An End to Immigration Dentention of Children?

On 6 November 2017, Public Safety Minister Ralph Goodale released new directions aimed to keep children out of Canada’s immigration detention system.

“The key objective of the Ministerial Direction is to – as much as humanly possible – keep children out of detention, and keep families together. The Ministerial Direction makes it clear that the Best Interests of the Child must be given primary consideration. This will be achieved by actively and continuously seeking alternatives to detention when unconditional release is inappropriate.”

The directive is welcome; detention is never in the best interests of children and it is shocking that children are detained for immigration purposes in Canada, even for short periods of time.

Amnesty International and many other human rights groups in Canada have actively campaigned to keep children out of immigration detention. Several thousand Amnesty International members and supporters signed petitions and called on the Minister to stop detaining children for immigration purposes.

Our action coincided with a report from the University of Toronto International Human Rights Program, No Life for a Child, A Roadmap to End Immigration Detention of Children and Family Separation, which revealed violations against children which have been taking place in Canada.

Immigration detention facilities in Canada resemble medium-security prisons. There are strict rules, regimented daily routines, and significant restrictions on privacy and liberty.
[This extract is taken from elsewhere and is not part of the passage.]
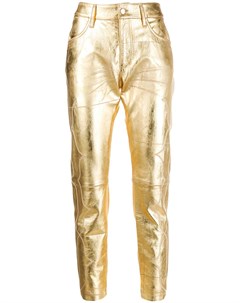 Укороченные брюки с вышивкой Golden goose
Children in detention are under constant and invasive surveillance, they have inadequate access to education, insufficient opportunity for recreation and play, and receive poor nutrition.

Even when children are not legally required to be in detention, their parents face a daunting choice: either they allow their child to be separated from them, or the child can remain with them in detention. Since both of these options are harmful to children, parents are deprived of the opportunity to meaningfully care for their children. Aggravating this scenario is the fact that there is no limit to the length a parent may be held in detention. This means children can live in detention, or be separated from their parents, for years.

Canada has come under harsh criticism from the United Nations for its immigration detention regime with respect to children where children enter a Kafkaesque world of prison conditions, uncertain lengths of detention, and separation from their parents, that robs them of the opportunity to develop normally.

In November 2017 the Committee on the Rights of the Child (CRC Committee) and the Committee on the Protection of the Rights of All Migrant Workers and Members of Their Families (CMW Committee) jointly adopted two general comments on the human rights of children in situations of international migration.

Both Committees have repeatedly affirmed that children should never be detained for reasons related to their or their parents’ migration status and States should expeditiously and completely cease or eradicate the immigration detention of children. Any kind of child immigration detention should be forbidden by law and such prohibition should be fully implemented in practice.

Canada’s Immigration Act already states that in the case of minors (children under 18 years of age) the best interests of a child must be taken into account and children are only to be detained as a last resort. The operational manual used by the Canadian Border Services Agency (CBSA) officials who make decisions about who should be detained also specifies that “the detention of minor children is to be avoided.”

The Canadian Council for Refugees has called for legislative reform as a means to end to the detention of children, noting that the current wording of “last resort” in the Immigration and Refugee Protection Act is outdated and vague and has proven ineffective. Many children, including refugee children, have been detained as a “last resort” even though there are no compelling grounds to detain and alternatives exist.

While Minister Goodale’s new Directive is welcome, only time will tell if there is meaning behind the words. Canada already has laws and practices in place which suggest that children should not be detained. Amnesty International and other human rights groups in Canada will continue to monitor the practices of CBSA in order to determine if the best interests of children are taken into consideration; that children are not detained, families are kept together and alternatives to detention are found for all.